The bosses of heretofore known piston sections are subjected to elevated static pressures as well as to pronounced thermal stresses. The static pressures develop as a result of the application of elevated gas pressure to the head of the first section of the composite piston which results in a tendency of the bosses to migrate in the axial direction of the piston pin and away from each other. Attempts to simply extend the bosses in the circumferential direction of the cylinder have failed because of the pronounced temperature differential between the regions near to and the regions remote from the aforementioned connecting portion between the head and the bosses of the first section of the composite piston. The temperature of the bosses increases very rapidly in a direction from the piston pin toward the head of the first section.
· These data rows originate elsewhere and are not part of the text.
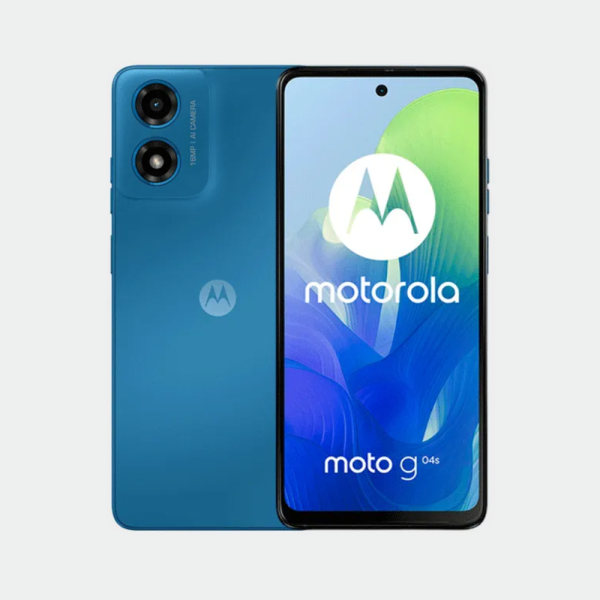 Motorola G04s - blue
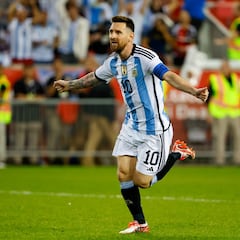 Argentina - Arabia Saudita: horario, TV y dónde ver hoy online y en directo el partido del Mundial 2022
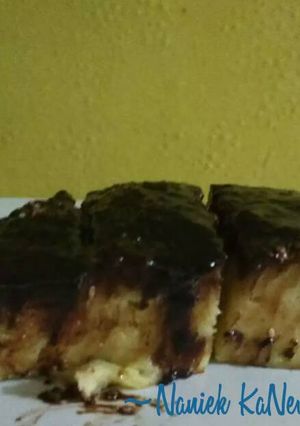 Foto resep Puding roti kukus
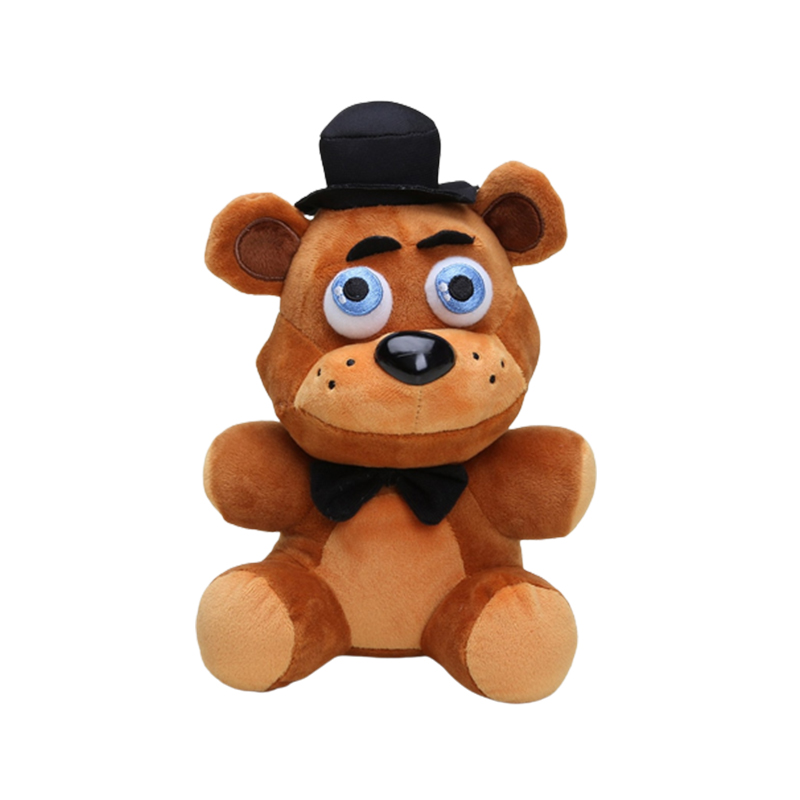 25-cm-FNAF-stuffed-plush-–-Freddy-Fazbear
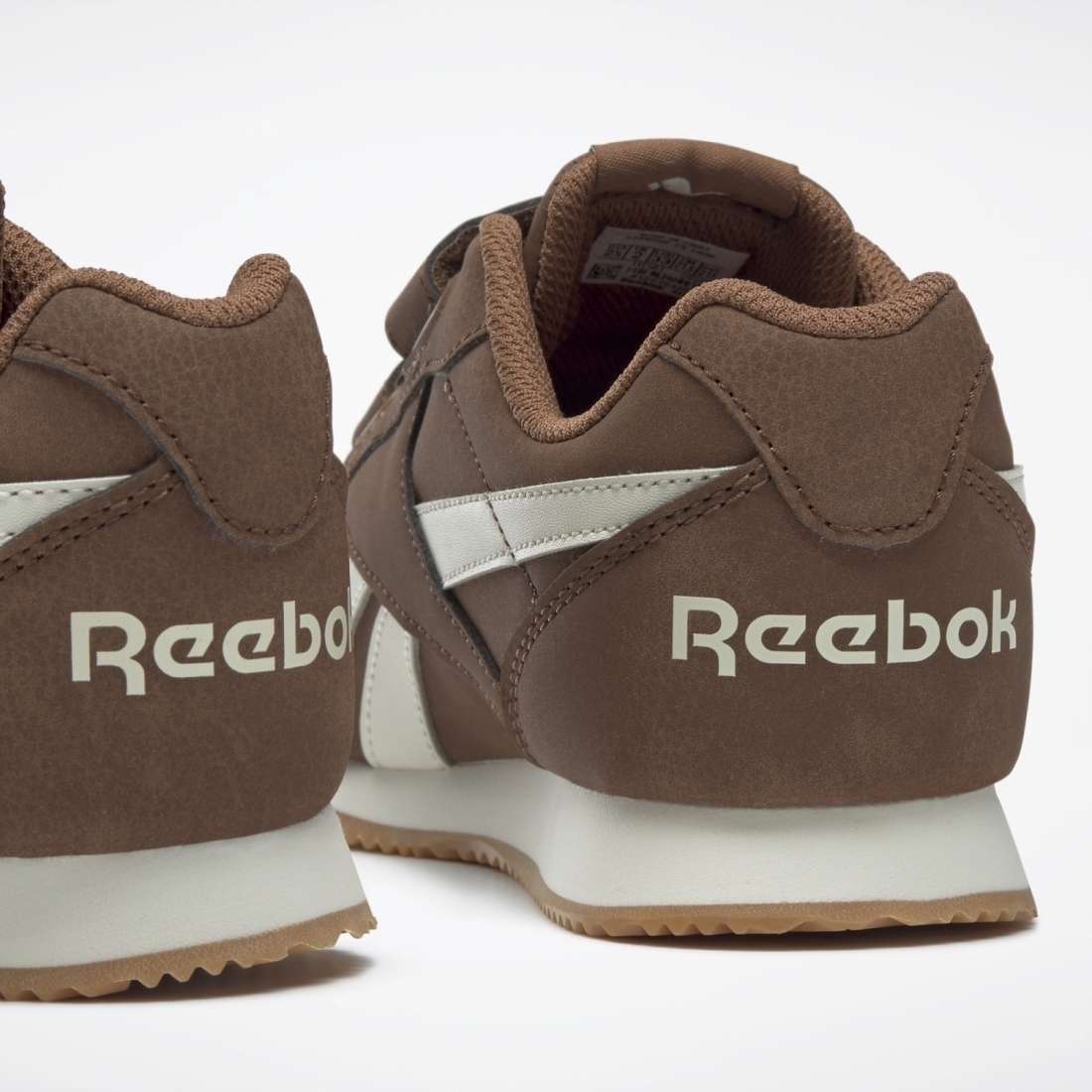 REEBOK ROYAL CLASSIC JOGGER BROWN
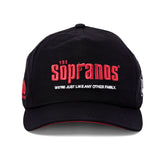 'The Sopranos' 25th Anniversary 5-Panel Souvenir Cap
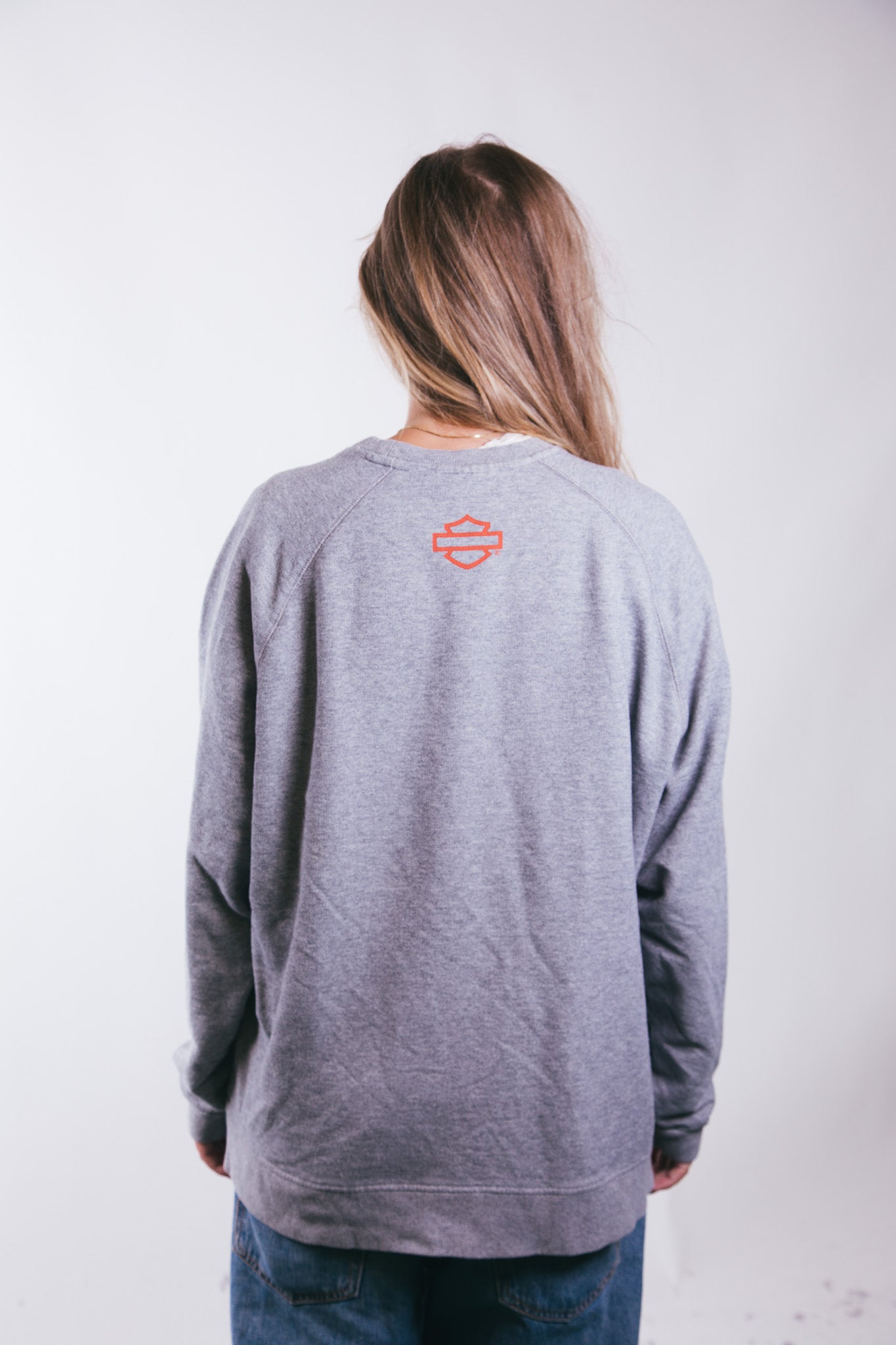Harley Davidson - Sweatshirt (M)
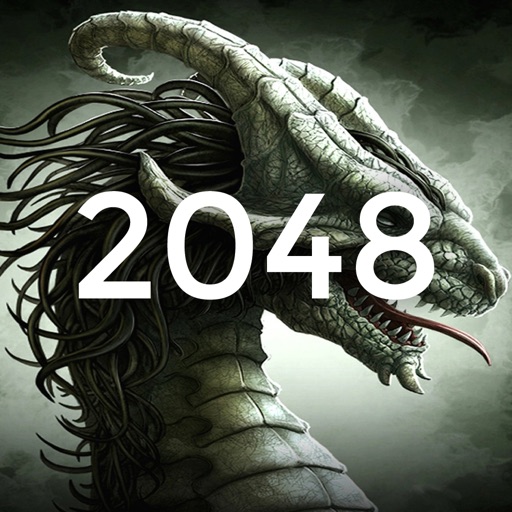 2048 Dragons icon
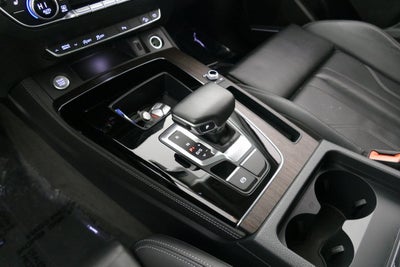 2024 Audi Q5 45 S line Premium quattro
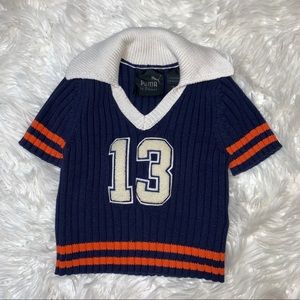 ❌SOLD ON DEPOP❌ICONIC FENTY PUMA POLO (RIHANNA)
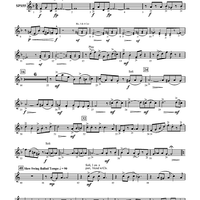 Alexander’s Ragtime Band - Alto Saxophone 2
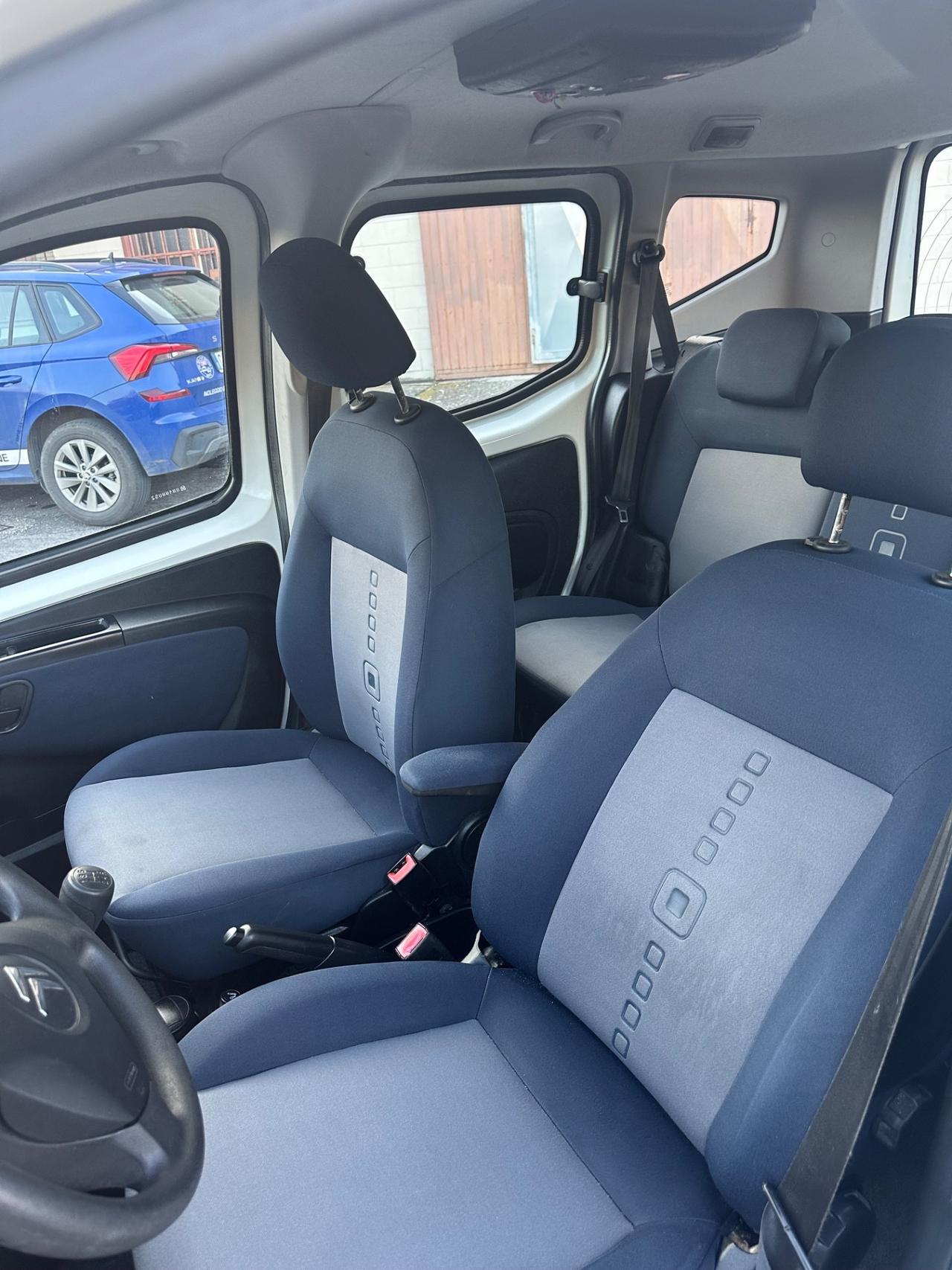 Citroen Nemo Multispace 1.3 HDi 75CV Silver Selection Unico prop. Neop.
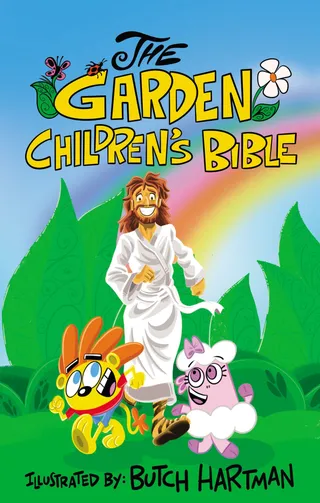 Garden Children's Bible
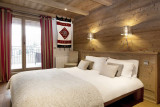 Val D'Isère Location Chalet Luxe Vonsunite Chambre 3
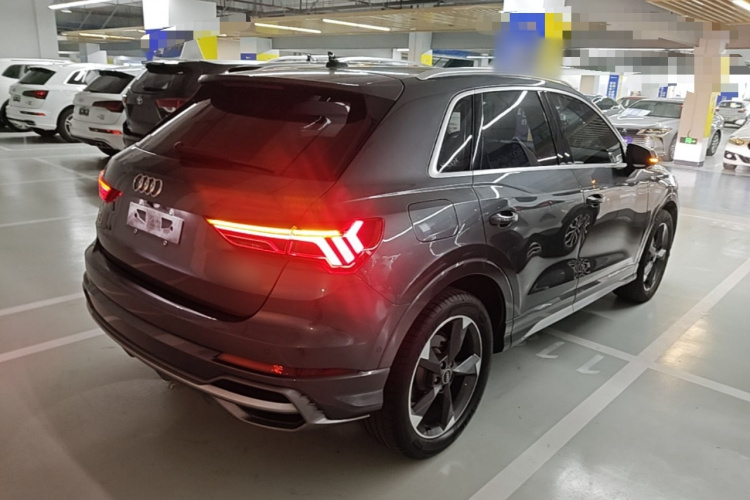 Audi Q3 2021 #7 Audi Q3 2021 imagen de coche #7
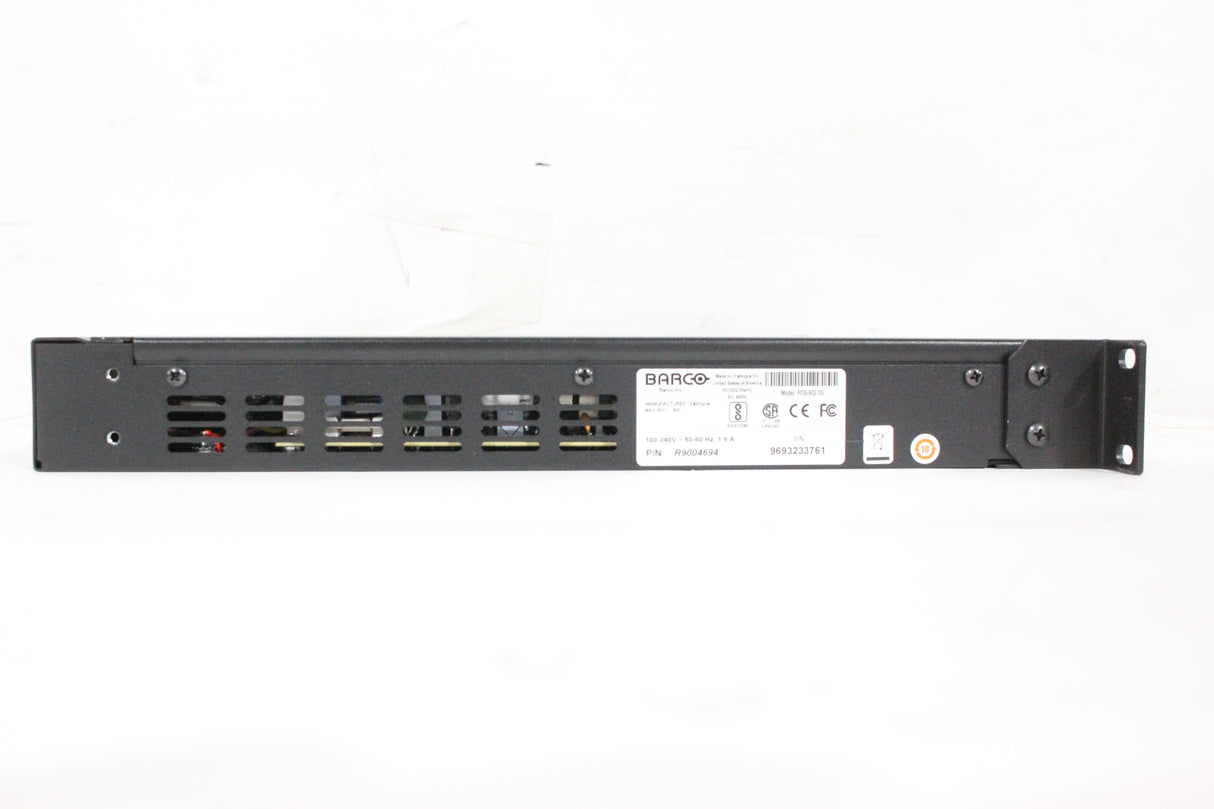 Barco R9004694 PDS-902 3G Digital Switcher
In the absence of any action to the contrary, static forces which develop as a result of the application of elevated gas pressures to the head of the first section will tend to spread the bosses apart and to establish highly localized points of transmission of elevated pressure between the inner portions of the bosses and the peripheral surface of the pin. This can entail serious damage to or destruction of small portions of the surfaces surrounding the openings which are provided in the bosses for the piston pin. When the pressure upon the exposed surface of the head decreases, the bosses are acted upon primarily by thermal stresses due to pronounced temperature differences between the portions nearer to and the portions more distant from the head so that the free end portions of the bosses tend to move toward each other, i.e., the inclination of the bosses with reference to the axis of the pin changes and the pin is likely to jam. Excessive stressing is then shifted from the innermost to the outermost portions of internal surfaces which surround the openings of the bosses.
The piston pin should retain its freedom of movement (rotation) relative to the piston sections under any and all circumstances because any interference with such freedom of rotation will entail the development of pronounced localized stresses upon relatively small portions of the peripheral surface of the pin. This can destroy the layers of lubricant which coat the periphery of the pin and the internal surfaces of the bosses. It is equally important to ensure that the piston pin be free to turn relative to the piston pin bushing of the connecting rod. On the other hand, the piston pin must be received in the bushing and in the bosses with a minimum of play so that even minute changes in mutual spacing of the bosses can entail an elimination of such play with the aforediscussed undesirable consequences as regards seizing of the pin, destruction of the film of lubricant and/or material damage to and destruction of the pin, bosses and/or bushing. At any rate, the useful life of the bosses is unduly affected if they are free or compelled to travel axially of the piston pin toward or away from each other (depending upon whether they are subjected to thermal stresses or static pressures). As a rule, the clearance between the pin on the one hand and the internal surfaces of the bushing of the connecting rod and the bosses of the first section of the composite piston on the other hand is less than one thousandth of the diameter of the pin.